Tuesday, 30 June 2026

Disclosure Daze… Toomorrow (1970), BFI Blu-ray out now!

 

I was very taken with Livy [Olivia], I thought she had everything going for her in this fresh bubbly way; she was worried about filming, but she got into it pretty soon.

Director, Val Guest

Within a decade Olivia Newton John would not only be telling John Travolta that he was the one she wanted but singing her way to Xanadu… but in the late 1960s the idea of her starring in a fantasy musical based on a hippy dippy plot was just a twinkle in someone’s eye.

This film wouldn’t last five seconds in the UFC of modern film criticism whether it was staged on the White House lawn or in a carpark in east London and yet… and yet we owe it to ourselves to try harder. Steven Spielberg recently had a go about reinstalling the “wonder” into the business of first contact but this film starts from the point of view that this is a given. The irony is that this was seen as a post-Monkees pre-fab four by, Don Kirshner, one of the men who pulled that disparate group of actually very talented musicians together (and Davey Jones who could dance and act…) and who’s co-creator, Bob Rafelson (plus his screenwriting and acting buddy Jack Nicholson) had released the cinematic suicide note that was the on-the-nose polemical anarchy of Head (1969) which is as knowingly cynical as this film is sweetly optimistic.

 “… we’re just too much, we’re TOO-morrow!”
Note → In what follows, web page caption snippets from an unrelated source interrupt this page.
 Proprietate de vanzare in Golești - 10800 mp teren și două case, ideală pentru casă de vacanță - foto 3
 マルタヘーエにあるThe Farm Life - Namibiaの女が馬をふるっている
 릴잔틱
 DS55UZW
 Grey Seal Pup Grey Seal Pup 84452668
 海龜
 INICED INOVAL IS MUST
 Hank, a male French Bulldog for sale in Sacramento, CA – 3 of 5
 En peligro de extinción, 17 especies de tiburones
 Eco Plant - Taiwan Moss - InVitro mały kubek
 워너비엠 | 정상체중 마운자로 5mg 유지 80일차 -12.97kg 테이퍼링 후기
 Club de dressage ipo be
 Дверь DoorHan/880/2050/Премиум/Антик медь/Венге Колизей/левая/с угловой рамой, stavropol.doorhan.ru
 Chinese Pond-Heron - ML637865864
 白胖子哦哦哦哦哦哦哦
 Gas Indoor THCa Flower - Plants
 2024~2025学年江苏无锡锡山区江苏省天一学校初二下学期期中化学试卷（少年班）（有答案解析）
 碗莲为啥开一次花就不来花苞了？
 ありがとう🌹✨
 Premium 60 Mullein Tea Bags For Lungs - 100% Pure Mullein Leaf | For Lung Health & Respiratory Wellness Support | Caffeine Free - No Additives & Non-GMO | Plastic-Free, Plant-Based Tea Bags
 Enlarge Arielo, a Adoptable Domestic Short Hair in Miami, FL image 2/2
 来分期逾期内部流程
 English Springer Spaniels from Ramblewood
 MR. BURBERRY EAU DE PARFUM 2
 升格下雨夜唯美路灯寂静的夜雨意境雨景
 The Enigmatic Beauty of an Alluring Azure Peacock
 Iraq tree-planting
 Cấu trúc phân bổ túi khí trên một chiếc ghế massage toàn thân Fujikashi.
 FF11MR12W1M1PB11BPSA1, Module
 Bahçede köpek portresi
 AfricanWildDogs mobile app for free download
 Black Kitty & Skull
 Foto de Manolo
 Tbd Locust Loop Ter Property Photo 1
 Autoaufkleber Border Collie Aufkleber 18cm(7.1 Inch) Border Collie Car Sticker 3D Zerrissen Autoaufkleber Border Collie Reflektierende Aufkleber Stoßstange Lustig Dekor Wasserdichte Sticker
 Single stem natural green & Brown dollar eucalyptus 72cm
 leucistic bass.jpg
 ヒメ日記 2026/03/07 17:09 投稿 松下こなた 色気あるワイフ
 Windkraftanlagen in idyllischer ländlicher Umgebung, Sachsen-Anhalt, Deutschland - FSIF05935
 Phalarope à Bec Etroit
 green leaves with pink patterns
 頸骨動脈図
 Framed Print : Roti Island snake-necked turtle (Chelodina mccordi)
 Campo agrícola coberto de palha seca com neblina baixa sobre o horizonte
Toomorrow sits somewhere between the Cliff Richard movies of the early 60s, those featuring Joe Brown, Marti Wilde and the Dave Clarke Five and the children’s TV of the early 70s… The Tomorrow People, Double Deckers and HR Puff ’n stuff. It doesn’t have the star power of finesse of A Hard Day’s Night or a Help! But it does have Olivia Newton John who by the time it was eventually released was on her way to solo success with early hits such as I Honestly Love You. Give Me Love and Take Me Home. She also has undeniable screen presence here and has more star power than her other three bandmates combined – that not to damn them just a mark of her presence.

James Bond film producer Harry Saltzman had entered into a three-picture deal with Kirshner and this was the first product of that with a script from David Benedictus which was re-written so much they never told director Val Guest. The latter did his best but, having not got paid, he launched an injunction shortly after the film was premiered and that was pretty much that. It has until this release languished on YouTube in a very low grade copy but, seriously. It’s a delight to see it restored for home media and given the attention it deserved as a period piece, a snapshot of the times and feelings and the cinematic birth of Livy.

It's not a question of being so bad it’s good, there are some genuinely impressive things not least the production quality, special effects and designs that under pin the science fiction aspects so well and a lively cast who you side with no matter how arcane their dialogue and the feeling of zero chemistry as a group. Film as history, history as film – it matters as much for the 1960s as for the silent era and this film, being just 40-odd years after The Jazz Singer is far closer to Jolson than Jackson, or Taylor’s The Era Tour… there’s a modern-day Olivia Newton John for you?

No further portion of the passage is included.